How can small retailers increase their profit margins?

For small retailers, rarely, if ever, has profit been a bigger focus. Inflation, interest rates and cost-of-living pressures are squeezing business budgets and making consumers more cautious in their spending. Your profit margin – which provides essential insights like whether you’re generating money or pricing products correctly – should always be on your radar, but especially today. But what is a profit margin? And how can you boost yours?

What is a profit margin?

Gross profit is your total revenue minus the cost of generating that revenue. In short, gross profit is your sales minus the cost of goods sold. For example, if Vase#1 costs you $30 and is sold for $50, your gross profit is $20. If Vase#2 costs you $5 and sells for $40, the gross profit is $35. Although Vase#2 sold for less, its gross profit is higher, making it more profitable.


Profits as a dollar value will differ drastically depending on the value of the product, but by calculating it as a percentage it’s easier to establish a consistent picture. To do so, divide your gross profit on a sale by the revenue of the sale, then multiply by 100. So your profit margin for Vase#1 is ($20 ÷ $50 x 100) 40 per cent. A healthy profit margin varies greatly depending on the industry vertical. Your profit margin isn’t a ‘set-and-forget’ metric, it requires constant attention. Here are a few ways to help boost it.

Online store

As eCommerce booms and becomes a key way for contemporary Aussie shoppers to discover and engage with retail brands, an online store can help increase your exposure and sales. Plus, it has fewer overheads than a physical store. An online store to support your brick-and-mortar presence is an ideal way to build the ‘omnichannel’ approach consumers demand today.

Inventory management

One of the most effective ways to help improve profit margins is through inventory management, which enables you to determine which products sell quickly, which don’t and the margin on each. These insights, available through POS system sales reports, help you determine which products to stock up on to fulfil customer demand and how to prevent overstocking.

Sales forecasting

Many retail businesses are seasonal. If you specialise in beach accessories and next door sells winter gear, you’ll both have sales fluctuations from one month, or season, to another. Establish the habit of looking at annual sales reports and asking yourself which months do you make the most sales in? Do patterns persist annually? Use those patterns when planning your seasonal inventory purchasing. If you sell a higher volume of a certain product type in a given season, consider purchasing or producing more units to capitalise on its seasonality and maximise sales. By planning ahead, you may also be able to score advanced or bulk order discounts from suppliers, which will help improve your profit margin.

Operational efficiencies

Remember, it’s not just the cost of your stock that impacts profit margins. By streamlining your operations, you can increase profit margins. For example, investigate whether you could be using more cost-effective packaging, delivery methods and even in-store lighting. Time is money, so streamline productivity. Technology helps automate time-consuming tasks, like data entry, formulating sales reports or even the point-of-sale process.
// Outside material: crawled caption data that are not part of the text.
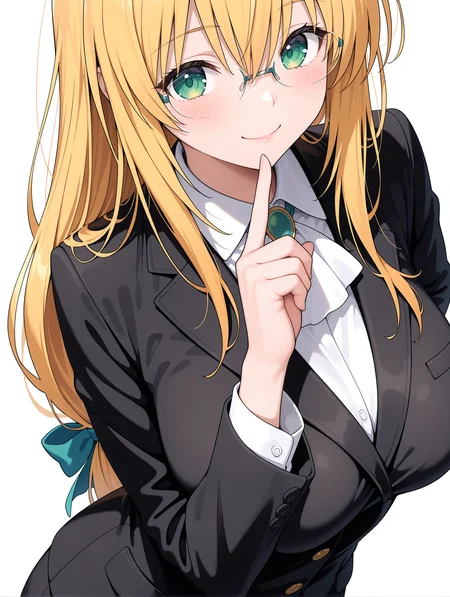 masterpiece,best quality,newest,
1girl,solo,
<lora:Tearju_ilxl_v1.1:1>,Tearju,blonde hair,green eyes,low-tied long hair,blue hair bow,t_glasses,rimless glasses,t_clothes,white collared shirt,black jacket,
<lora:Fixhands_anime_bdsqlsz_V1:1>,light_blush,looking_at_viewer,white_background,simple_background,smile,face_focus,standing,upper_body,profile,hand to own mouth,
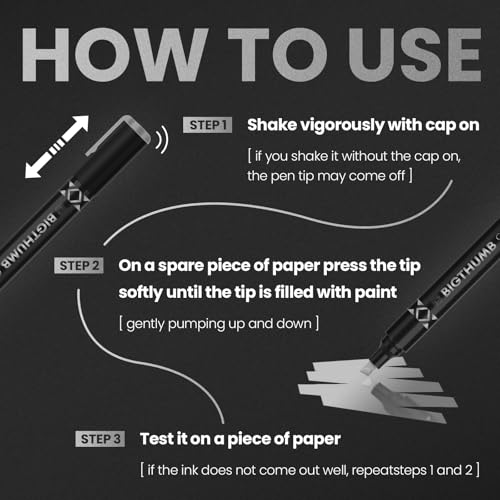 BIGTHUMB 3Pcs Liquid Chrome Paint Markers, Gloss Mirror Marker, Oil-based Permanent Chrome Maker, Reflective Metallic Pen Markers for Repairing, Model Painting DIY Art Projects, Silver - style: 3PCS Silver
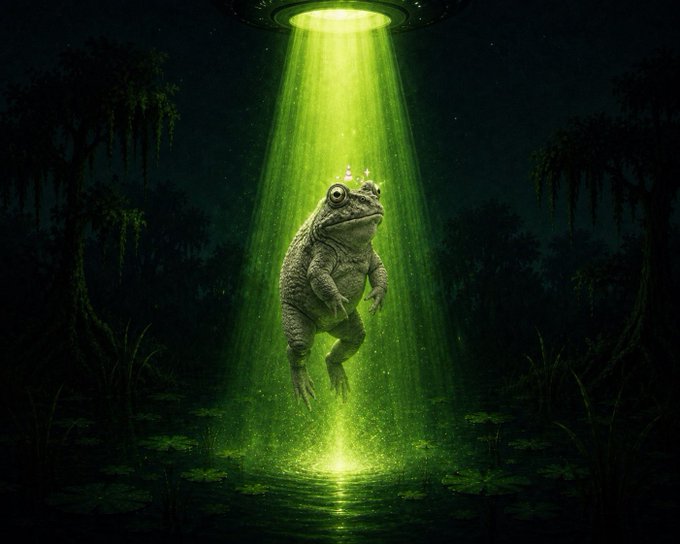 A digital artwork of a frog being beamed up by a UFO in a swampy forest setting, illuminated by a green light from the spacecraft above.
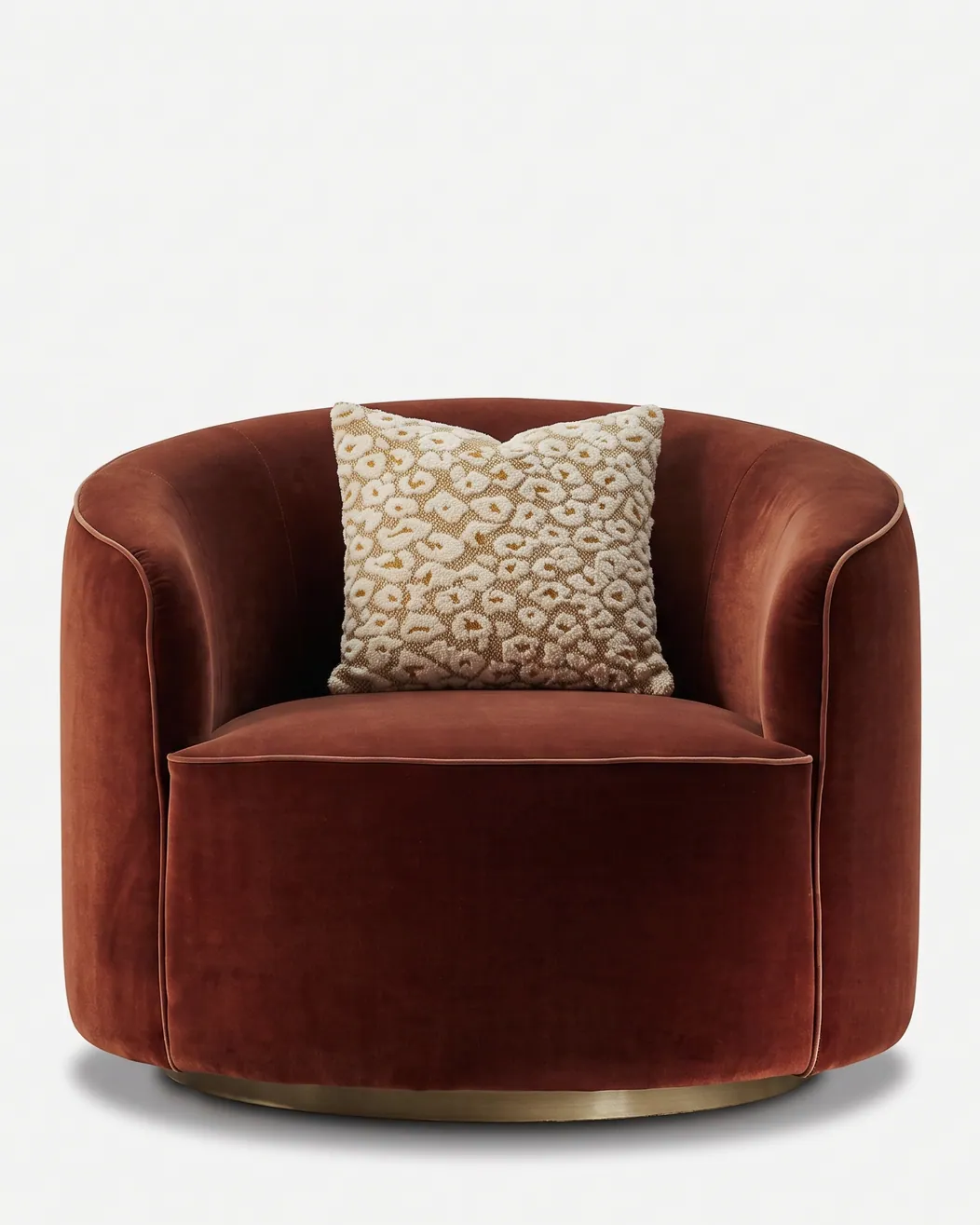 Flint Lounge Chair lounge chair — low plinth in electroplated brushed brass, upholstered in velvet, as a rounded tub chair with a curved back wrapping…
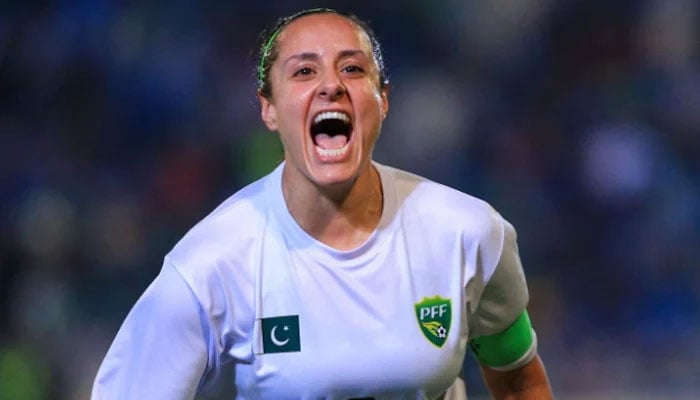 Maria Khan celebrates after scoring a goal. — Instagram/mariajamilakhan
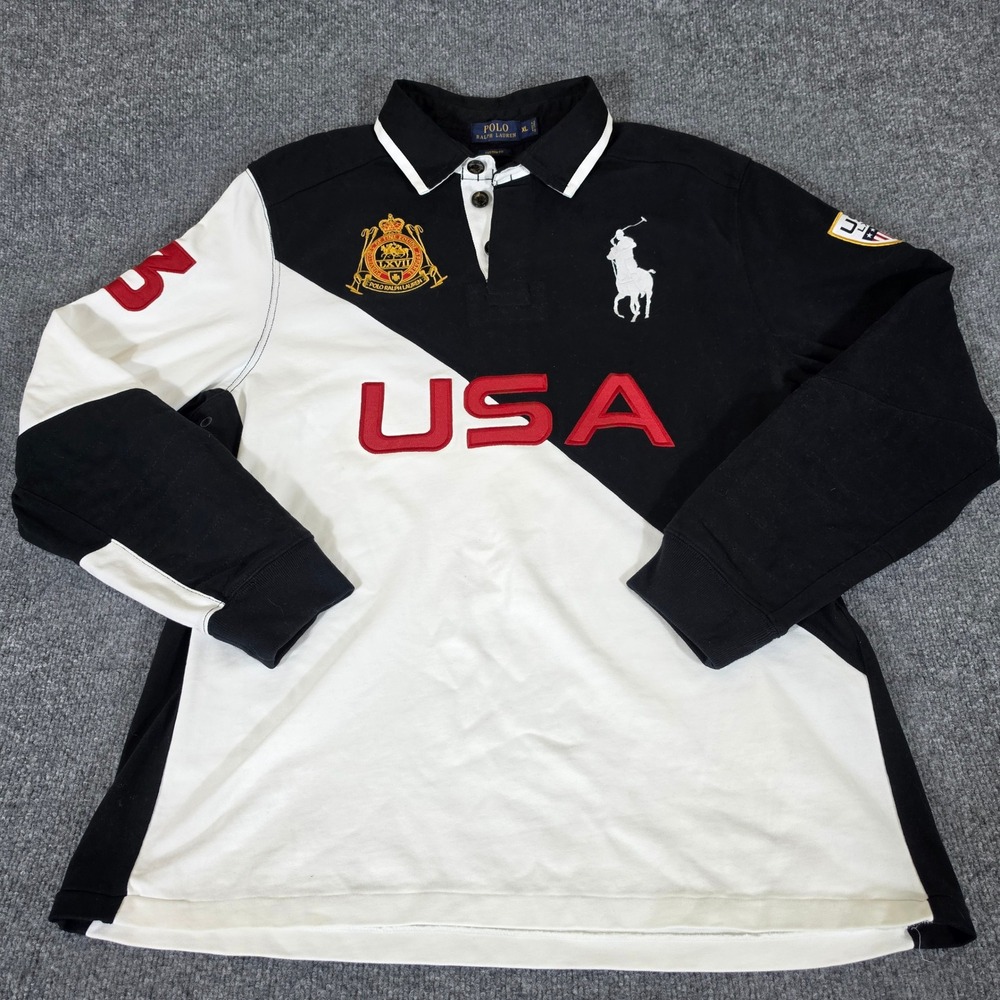 Polo Ralph Lauren Mens XL Custom Fit Rugby Shirt Black White USA Big Pony 3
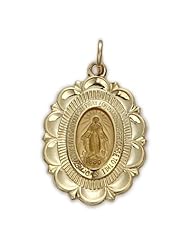 14K Gold Oval Filigree Miraculous Medal, Virgin Mary, Immaculate Conception Pendant in a Polished Border Finish 14K Gold Jewelry 14K Gold Miraculous Patron Saint Medal Pendant Catholic Gift Boxed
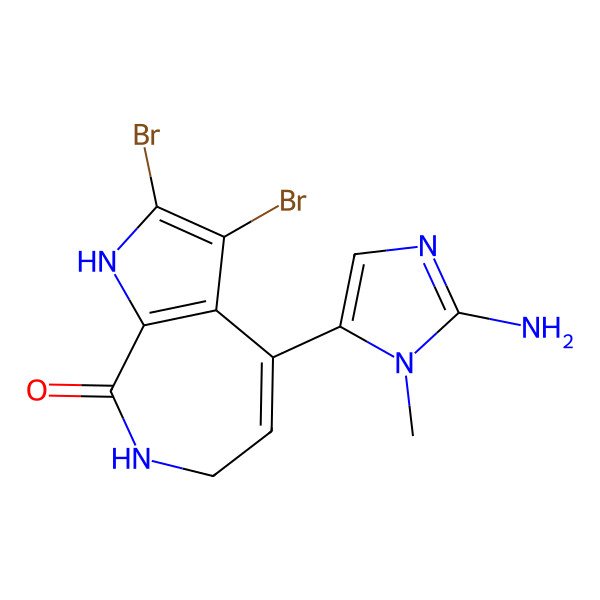 2D Structure of 4-(2-amino-3-methylimidazol-4-yl)-2,3-dibromo-6,7-dihydro-1H-pyrrolo[2,3-c]azepin-8-one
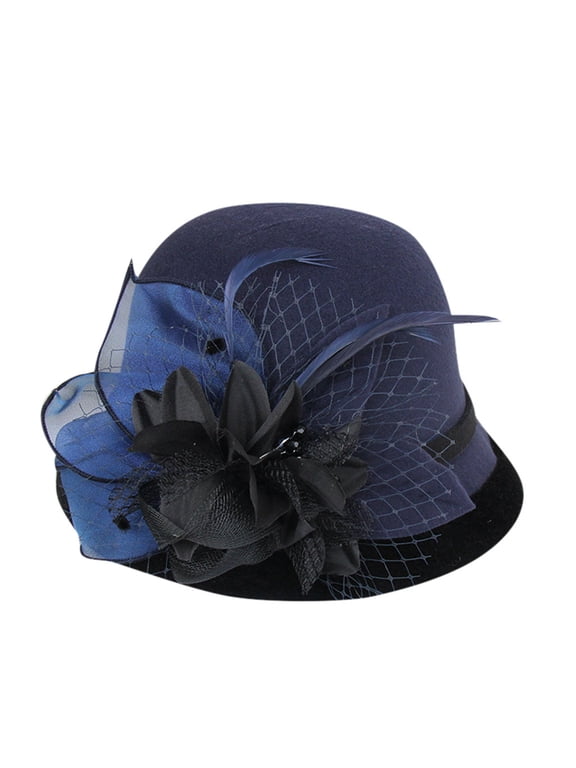 Fascinators Hats for Women Womens Hats Ladies Hats for Tea Party Sombrero Para Mujer Hats for Women Vintage Hats for Women Church Hats for Women Fancy Hats for Women Pillbox Hat Navy One Size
These are just a few of the many ways to address your profit margin. Whether it’s increasing your average transaction value (ATV), building loyalty and incentive programs, or renegotiating agreements with vendors and suppliers, there are ways to spend less and sell more. If you consider applying them in your day-to-day operations and monitor their impact, you could optimise your retail store for long-term growth – even with challenging economic conditions.